** Opening DATA EXTRACTS block **
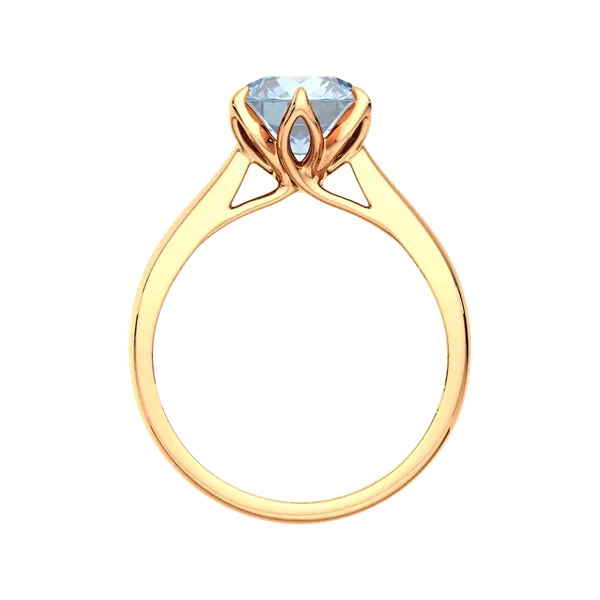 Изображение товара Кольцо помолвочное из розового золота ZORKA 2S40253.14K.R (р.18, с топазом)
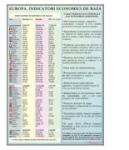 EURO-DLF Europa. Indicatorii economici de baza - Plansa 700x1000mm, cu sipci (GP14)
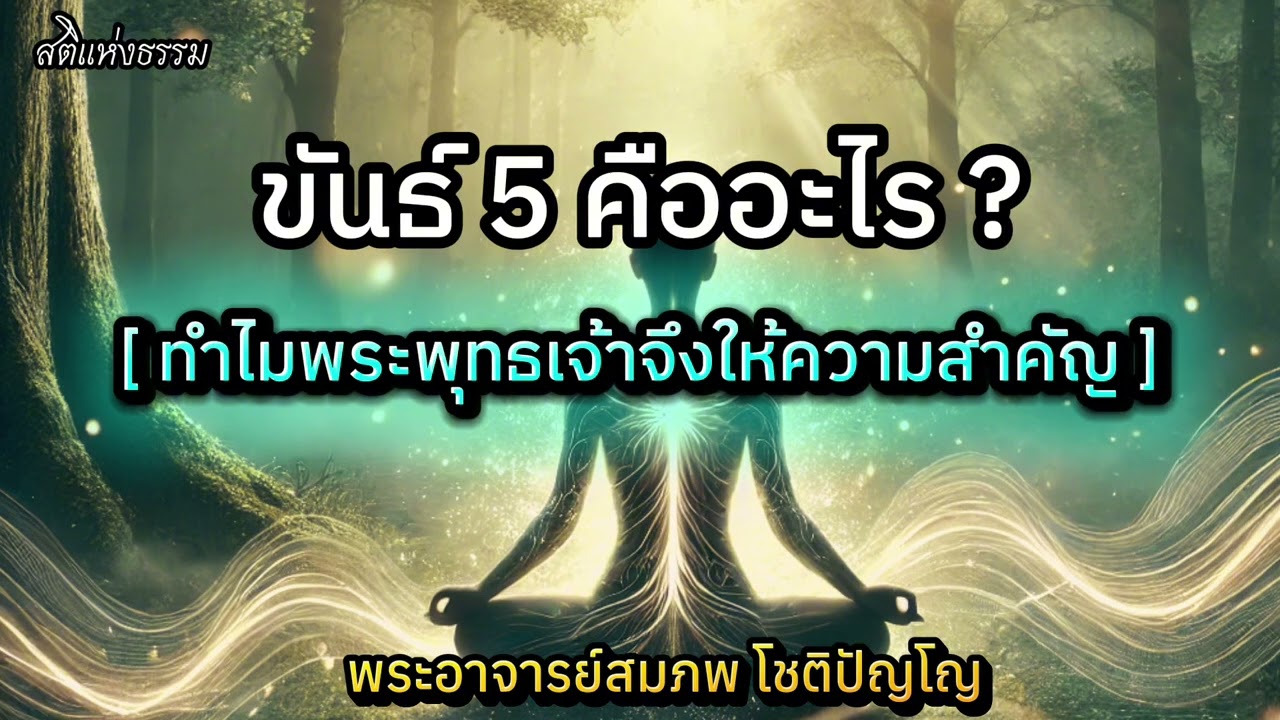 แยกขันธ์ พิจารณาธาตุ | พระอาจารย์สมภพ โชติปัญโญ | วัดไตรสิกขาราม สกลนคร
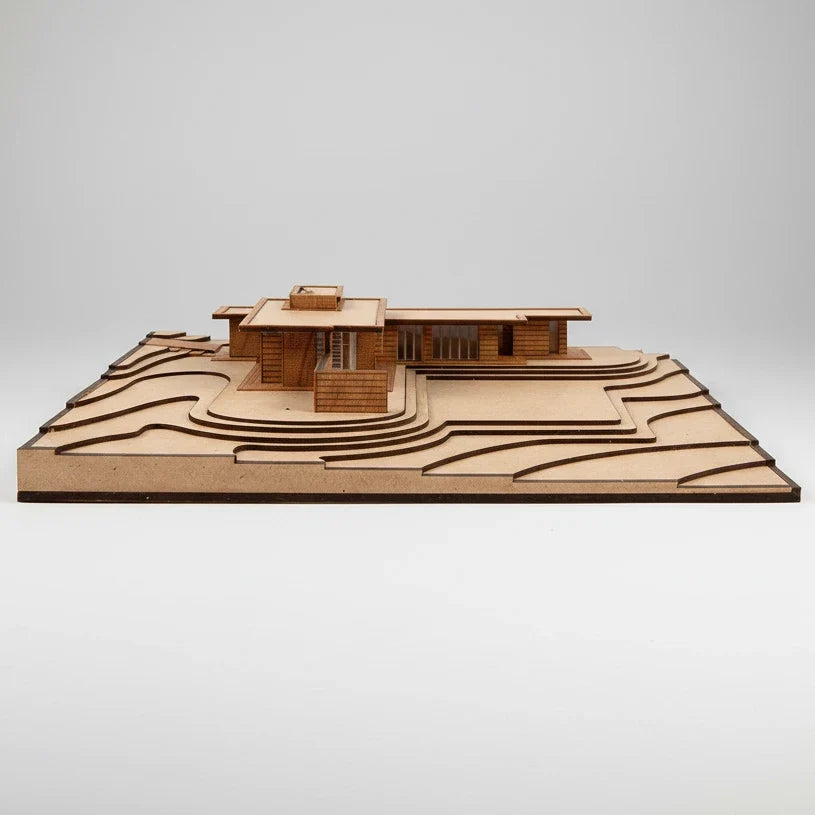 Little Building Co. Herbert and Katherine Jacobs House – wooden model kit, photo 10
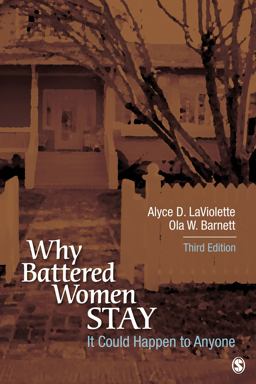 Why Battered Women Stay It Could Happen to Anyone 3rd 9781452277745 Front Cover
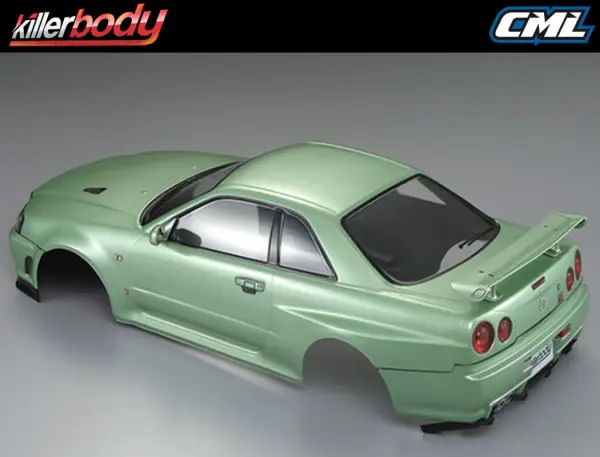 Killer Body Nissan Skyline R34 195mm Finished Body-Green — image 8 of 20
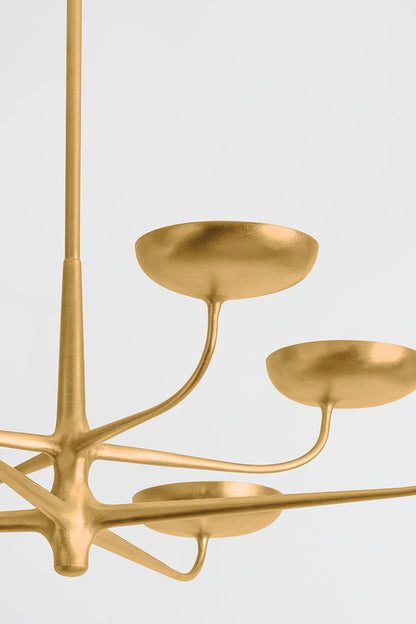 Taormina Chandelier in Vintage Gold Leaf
** Closing DATA EXTRACTS block **
Return every entry above exactly as written, with no pictures included.

**WRITTEN REPLY**
 Изображение товара Кольцо помолвочное из розового золота ZORKA 2S40253.14K.R (р.18, с топазом)
 EURO-DLF Europa. Indicatorii economici de baza - Plansa 700x1000mm, cu sipci (GP14)
 แยกขันธ์ พิจารณาธาตุ | พระอาจารย์สมภพ โชติปัญโญ | วัดไตรสิกขาราม สกลนคร
 Little Building Co. Herbert and Katherine Jacobs House – wooden model kit, photo 10
 Why Battered Women Stay It Could Happen to Anyone 3rd 9781452277745 Front Cover
 Killer Body Nissan Skyline R34 195mm Finished Body-Green — image 8 of 20
 Taormina Chandelier in Vintage Gold Leaf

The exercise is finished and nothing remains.